Captioned web image data:
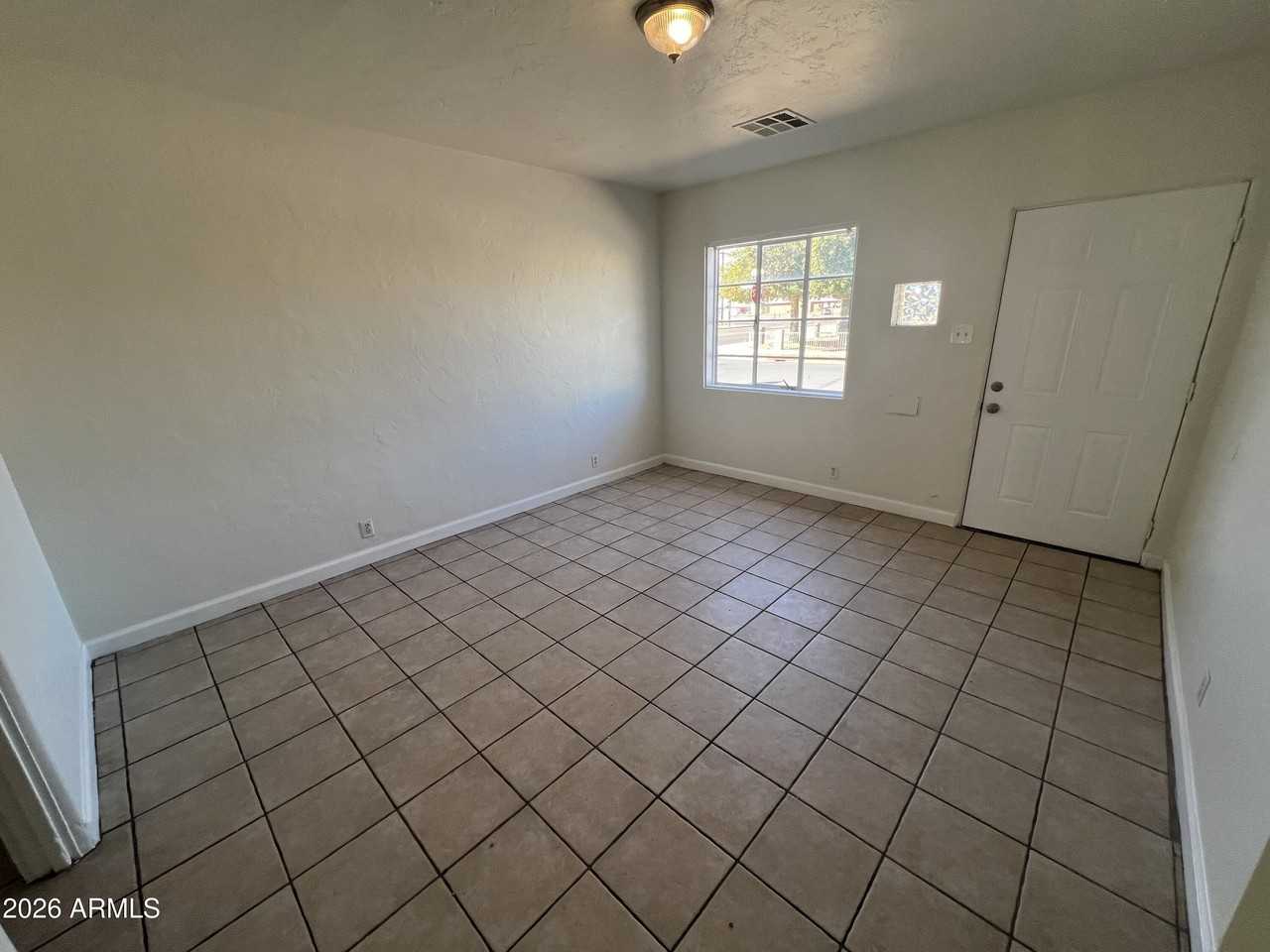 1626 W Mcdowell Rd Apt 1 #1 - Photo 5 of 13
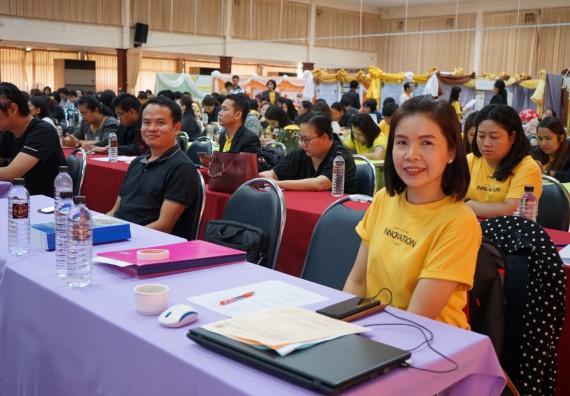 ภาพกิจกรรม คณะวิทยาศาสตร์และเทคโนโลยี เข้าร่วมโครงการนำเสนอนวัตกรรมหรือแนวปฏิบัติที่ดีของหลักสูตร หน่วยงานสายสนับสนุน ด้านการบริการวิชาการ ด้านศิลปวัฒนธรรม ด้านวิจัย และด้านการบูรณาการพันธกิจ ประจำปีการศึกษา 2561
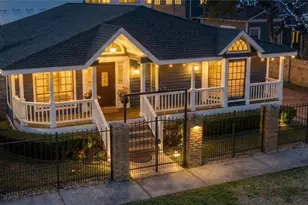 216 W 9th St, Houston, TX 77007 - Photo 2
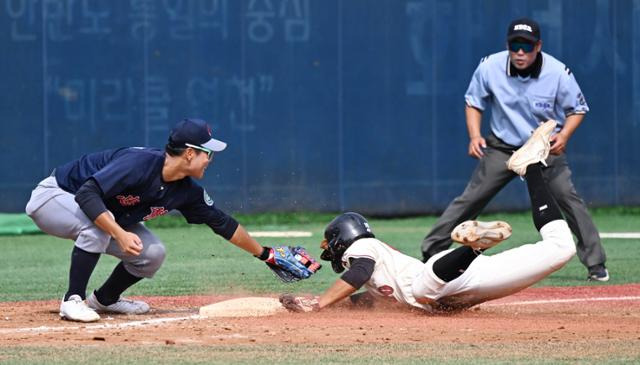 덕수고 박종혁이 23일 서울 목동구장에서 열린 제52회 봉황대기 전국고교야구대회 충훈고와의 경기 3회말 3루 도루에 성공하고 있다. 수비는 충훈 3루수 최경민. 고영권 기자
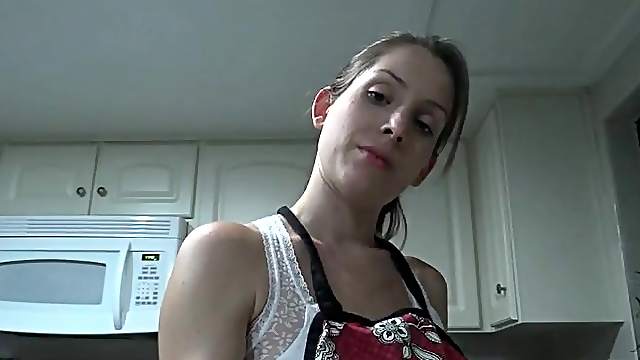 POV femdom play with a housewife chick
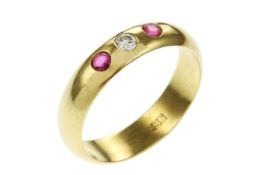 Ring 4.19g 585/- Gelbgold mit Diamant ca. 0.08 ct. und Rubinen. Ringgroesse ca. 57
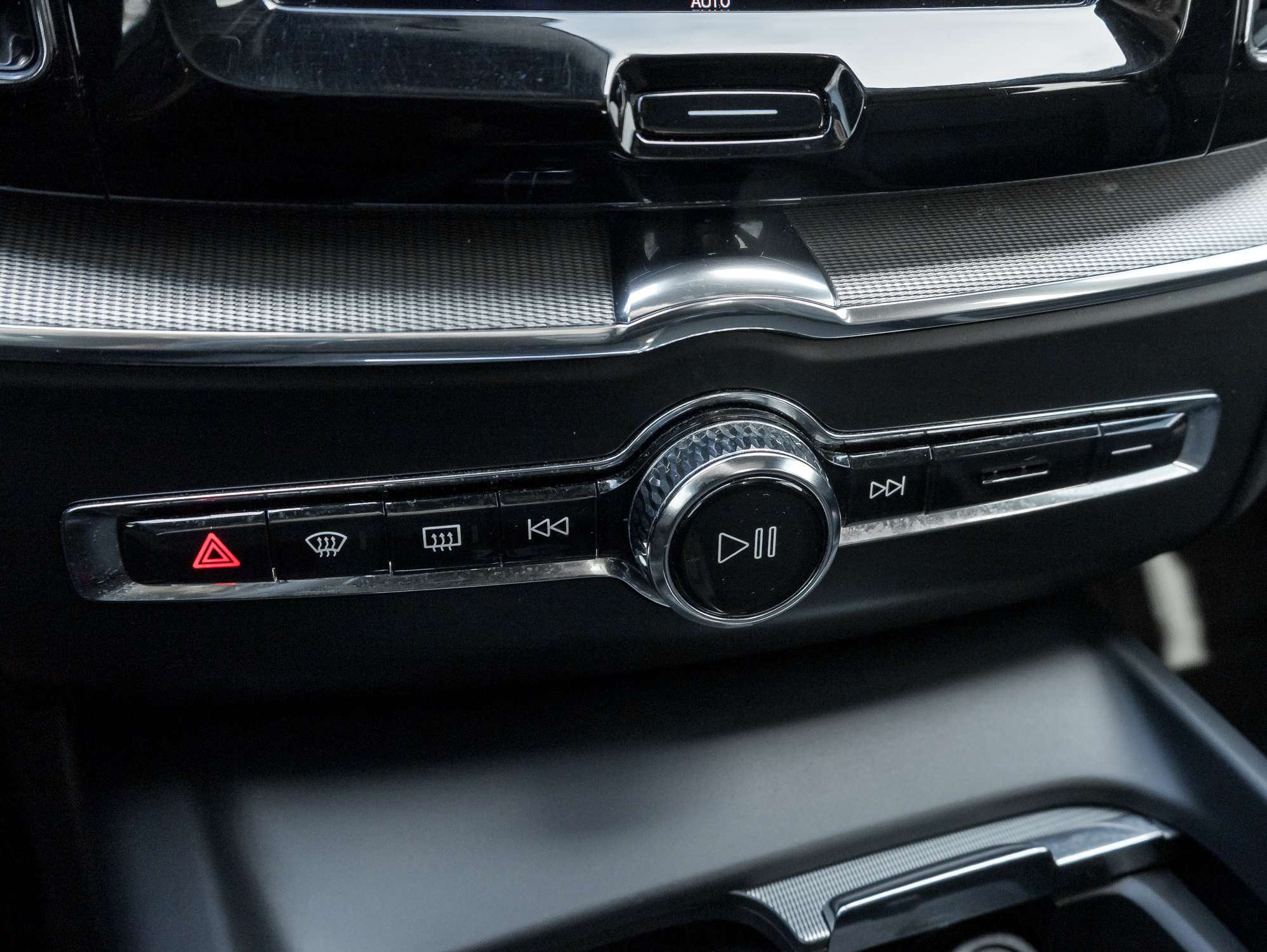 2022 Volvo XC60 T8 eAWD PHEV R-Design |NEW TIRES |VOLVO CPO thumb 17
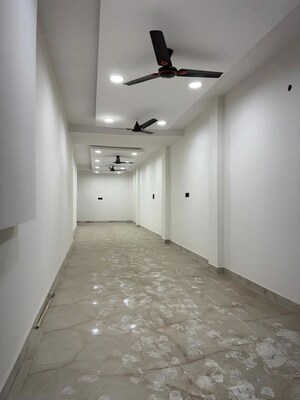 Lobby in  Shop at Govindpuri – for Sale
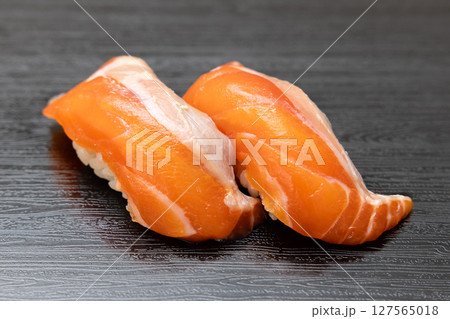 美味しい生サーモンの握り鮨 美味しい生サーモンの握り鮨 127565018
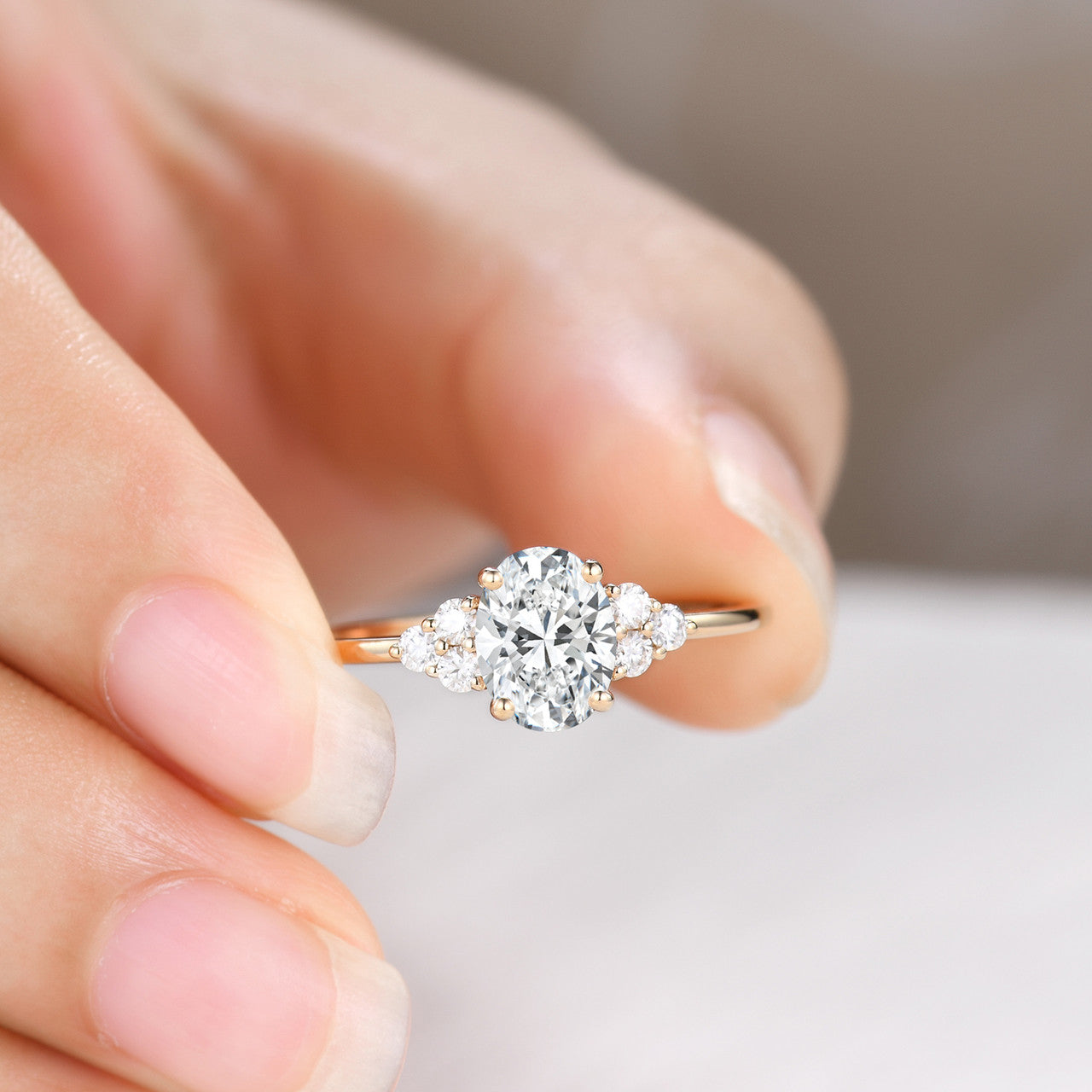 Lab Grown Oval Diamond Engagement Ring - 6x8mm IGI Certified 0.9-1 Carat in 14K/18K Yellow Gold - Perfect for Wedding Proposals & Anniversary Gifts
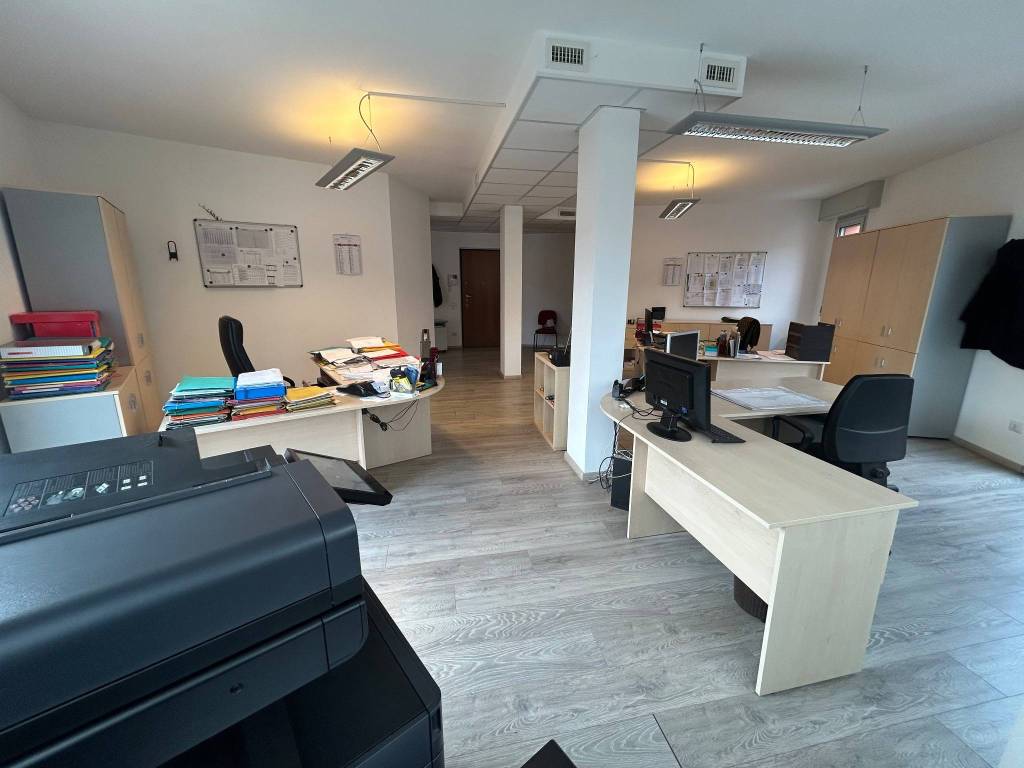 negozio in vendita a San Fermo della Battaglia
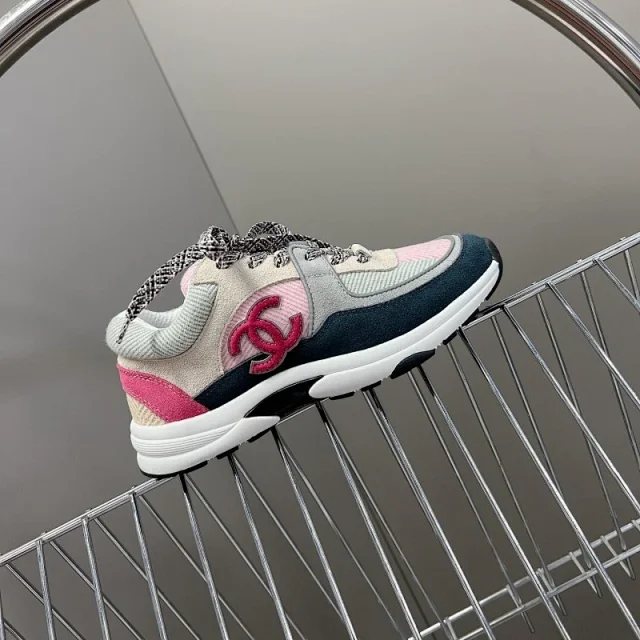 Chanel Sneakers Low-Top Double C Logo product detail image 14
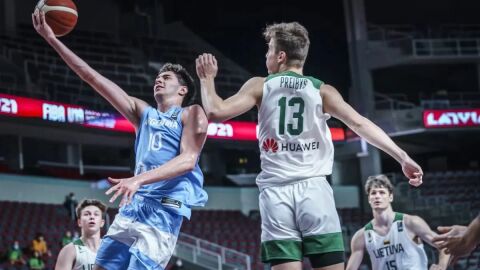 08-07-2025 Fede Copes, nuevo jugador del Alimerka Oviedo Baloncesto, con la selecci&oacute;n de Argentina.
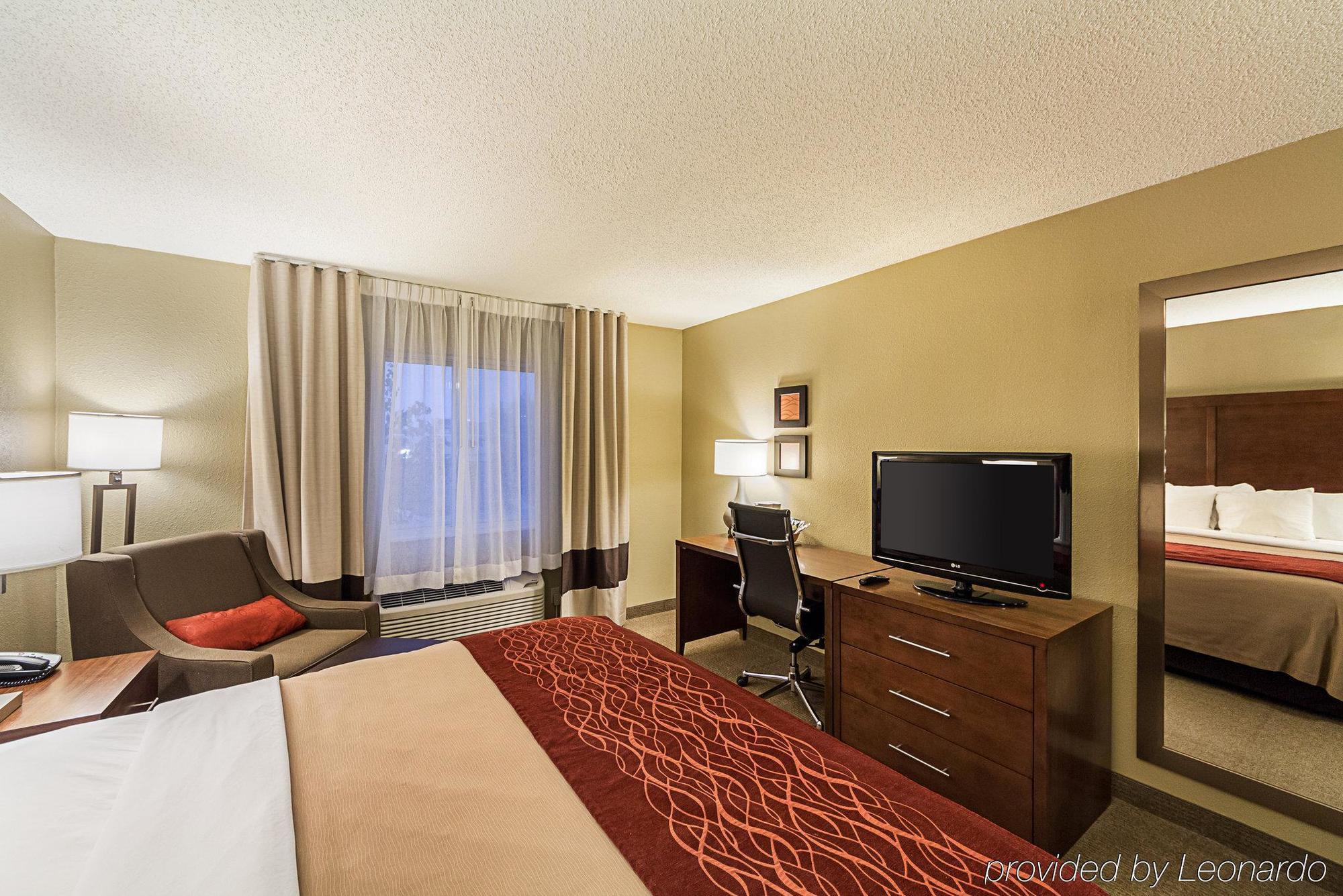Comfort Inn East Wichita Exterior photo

**REQUIRED WORK**. Print exactly the lines between the line containing "Chanel Sneakers Low-Top" and the last line of the entries above, including both, and nothing besides; skip the pictures.

**ANSWER FOR THE TASK**.
 Chanel Sneakers Low-Top Double C Logo product detail image 14
 08-07-2025 Fede Copes, nuevo jugador del Alimerka Oviedo Baloncesto, con la selecci&oacute;n de Argentina.
Comfort Inn East Wichita Exterior photo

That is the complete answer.